On Friday, U.S. President Donald Trump announced the signing of phase one of a trade agreement with China to end the trade wars. This partial deal was the most significant breakthrough in the 15-month long dispute. The financial markets experienced considerable growth on the news as Shanghai Blue Chip Index of China A50 updated its 20-month highs and rose by more than 4% since Thursday, while the Chinese yuan jumped by 1.3%. American markets experienced more tempered increase than the Asian bourses. The S&P500 rose 3% against Thursday’s lows, but only reached early October levels.
The market demand on Monday was constrained by investors’ concerns that the most challenging moments of the agreement between China and the US are postponed again to a later date. The signing of this trade agreement is similar to pick the lowest hanging fruits. But to get the deal done, more and more efforts will be needed with each phase. Political observers note that Trump, at the background of the situation around impeachment, needed a small victory to ease the onslaught of his opponents.
As the FxPro Analyst Team said, a significant victory for the markets is a pause in further tariff increases. However, the measures already in place hurt the economy.

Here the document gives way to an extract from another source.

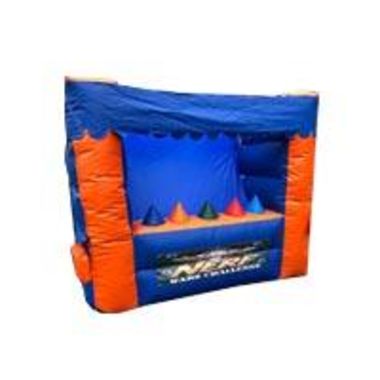 Inflatable Nerf Shooting Range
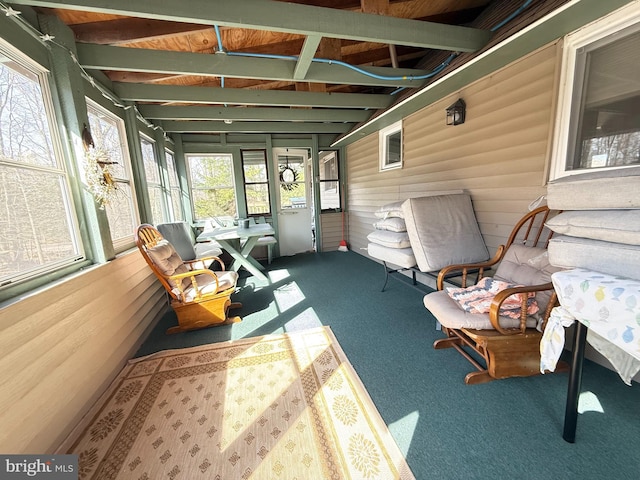 437 Orono Dr, Pocono Lake, PA 18347 - sunroom featuring a wealth of natural light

Chinese foreign trade data, published in the morning, showed a decline in both exports and imports – a sure sign of a slowdown in the second world economy. These weaker expectations caused a downward reversal of the Asian indices.
On Monday, trading is likely to be very calm due to the holidays in the US and Canadian markets. Most likely, markets will move to more realistic estimates of the outcome of the deal after initial optimism.
Besides, it is worth noting that this week starts the reporting season for the largest US companies, which will also attract the attention of markets. Investors will try to assess the extent to which the trade disputes on the one hand and rates cut, on the other hand, have affected the performance and forecasts of companies.